Nevertheless, the impact of the balance between CD4+ T and CD8+ T in peripheral blood of cancer patients on ICI therapies is still unclear. In endometrial carcinoma, the CD4+/CD8+ TILs ratio has been reported to be significantly associated with expression of immune checkpoint proteins such as cytotoxic T-lymphocyte associated protein 4(CTLA-4) and PD-L1 [35]. The pre-treatment CD4+/CD8+ TILs ratio by immunohistochemistry on gastric cancer tissues revealed a remarkable correlation with lymphovascular invasion, TNM stage and response to neoadjuvant chemotherapy, and lower CD4+/CD8+ TILs ratio predicted significantly better survival outcomes [36]. The elevated circulating CD8+PD-1+/CD4+PD-1+ ratio prior to immunotherapy has also been shown to be correlated with good survival times in advanced non-small cell lung cancer patients treated with anti-PD-(L)1treatment [37]. Our findings revealed that the PD-1+CD8+T/PD-1+CD4+T ratio before treatment were significantly correlated with response and longer survival times, which was consistent with the above studies. However, Hernberg et al. discovered that the constantly increasing CD4+T/CD8+T ratio predicts good objective response and survival times in metastatic melanoma patients treated with Immunotherapy plus chemotherapy [38]. The above results suggest that the predictive value of the balance between CD4+ T and CD8+ T for tumor immunotherapy is still worth exploring.

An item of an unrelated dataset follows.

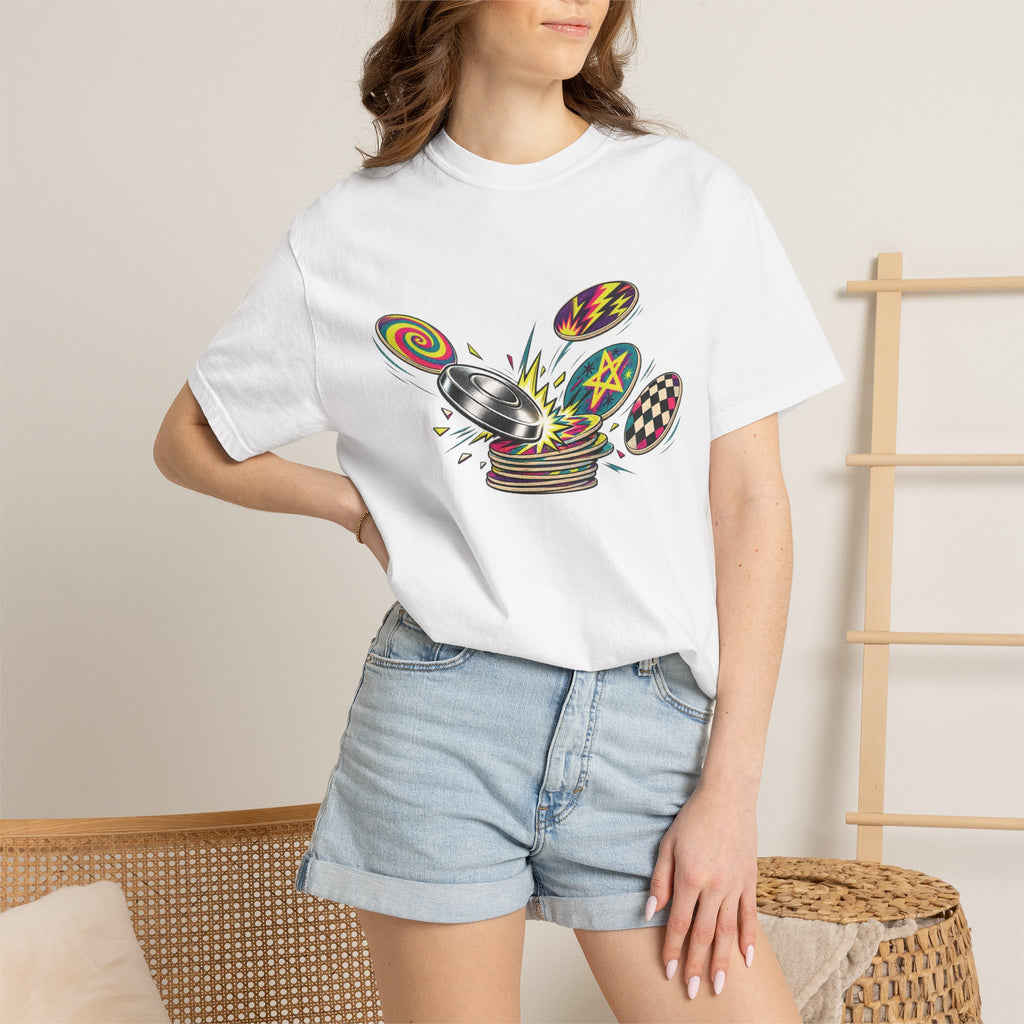 90's Pogs & Slammer Graphic Tee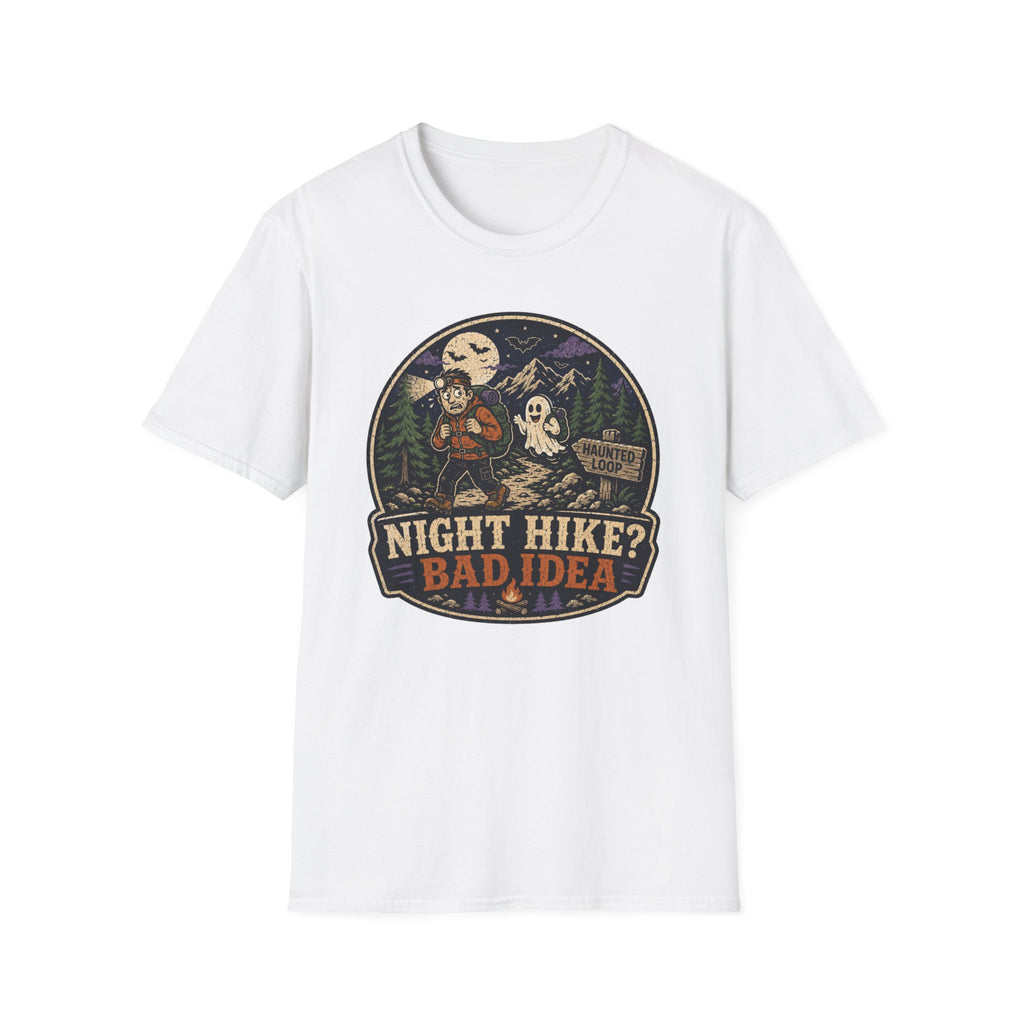 Night Hike Bad Idea T‑Shirt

To the best of our knowledge, the correlation between CD8+ T cell subsets and response and prognosis of advanced gastric cancer patients treated with ICI therapies remains unknown. This correlation was first demonstrated in our study. Peripheral blood parameters used in this study are easier to repeat dynamically and cost-effective in clinical practice. Limitations of our study have to be acknowledged. Firstly, due to retrospective monocentric design and relatively small sample analysis, it is difficult to exclude selection bias. Secondly, we failed to explore the correlation between TILs in tumor tissue and lymphocytes in peripheral blood. Finally, our study lacks analysis of their functional capacity and their tumor specificity.

Conclusions

In summary, our study preliminarily presented relatively high value of peripheral memory PD-1+CD8 + T and PD-1+CD8+T/PD-1+CD4+T ratio in predicting response and prognosis to immunotherapy plus chemotherapy in patients with advanced gastric cancer.